* **What is required**
Reproduce the listing below from the line with "Três cortinas bordô metalizado" to the line with "Rare Find! Skyline", both lines included, character for character, minus any pictures.

* **Input for this task**
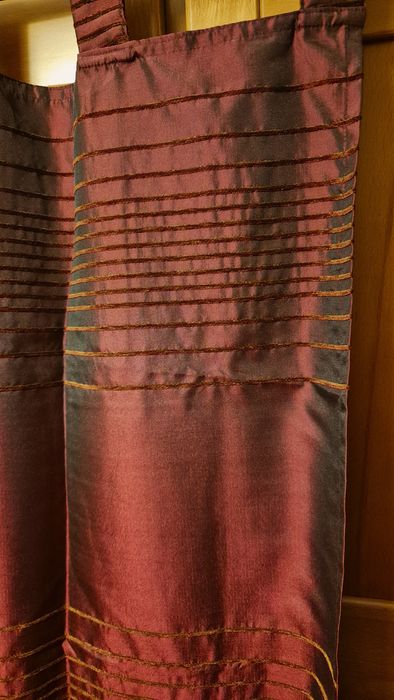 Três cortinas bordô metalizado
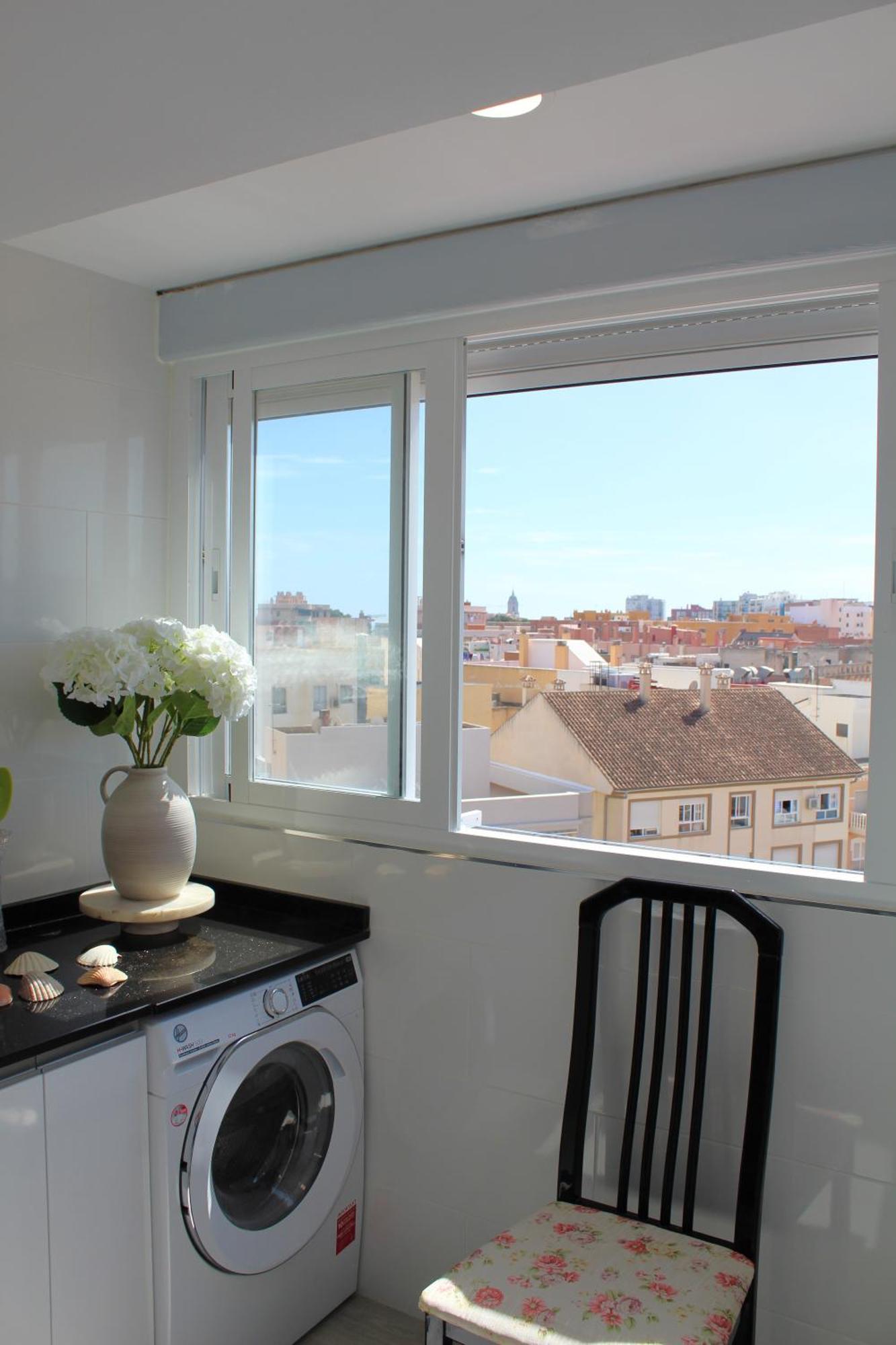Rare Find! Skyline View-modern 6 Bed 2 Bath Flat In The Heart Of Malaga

==

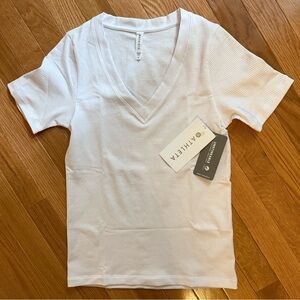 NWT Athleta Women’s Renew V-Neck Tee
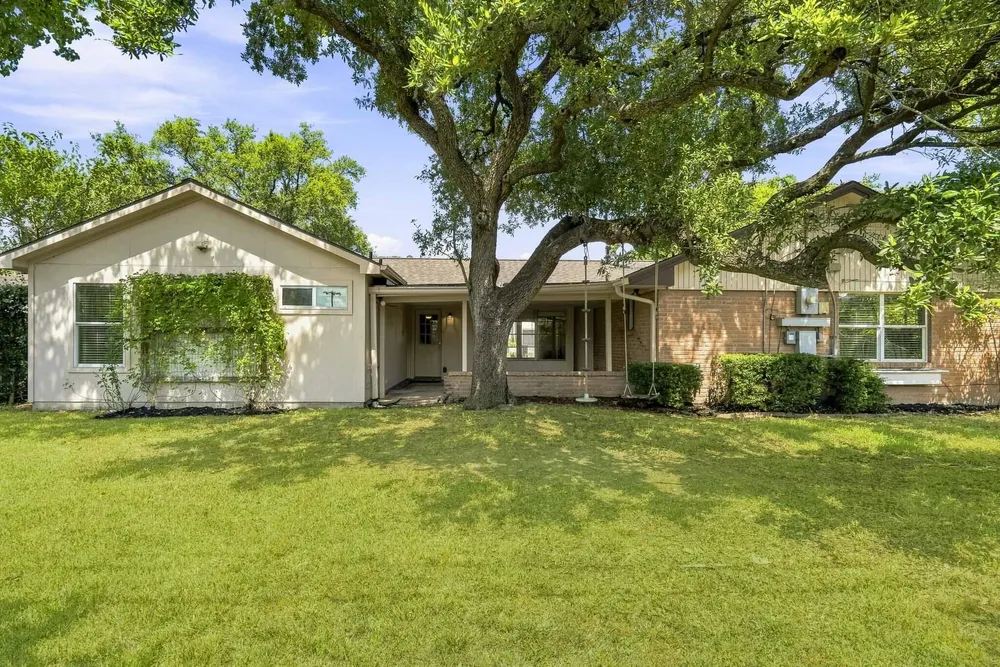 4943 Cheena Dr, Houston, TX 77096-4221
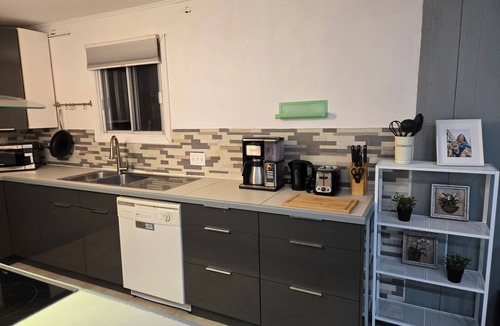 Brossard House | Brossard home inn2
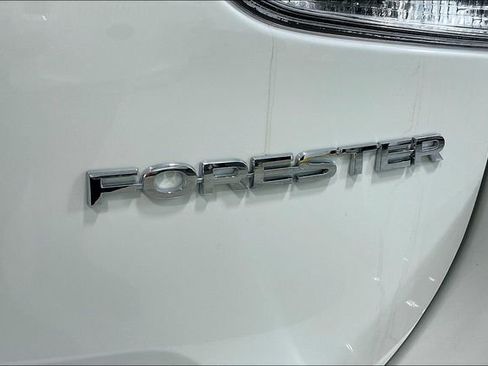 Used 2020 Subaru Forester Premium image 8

* **Answer to the exercise**
 Três cortinas bordô metalizado
Rare Find! Skyline View-modern 6 Bed 2 Bath Flat In The Heart Of Malaga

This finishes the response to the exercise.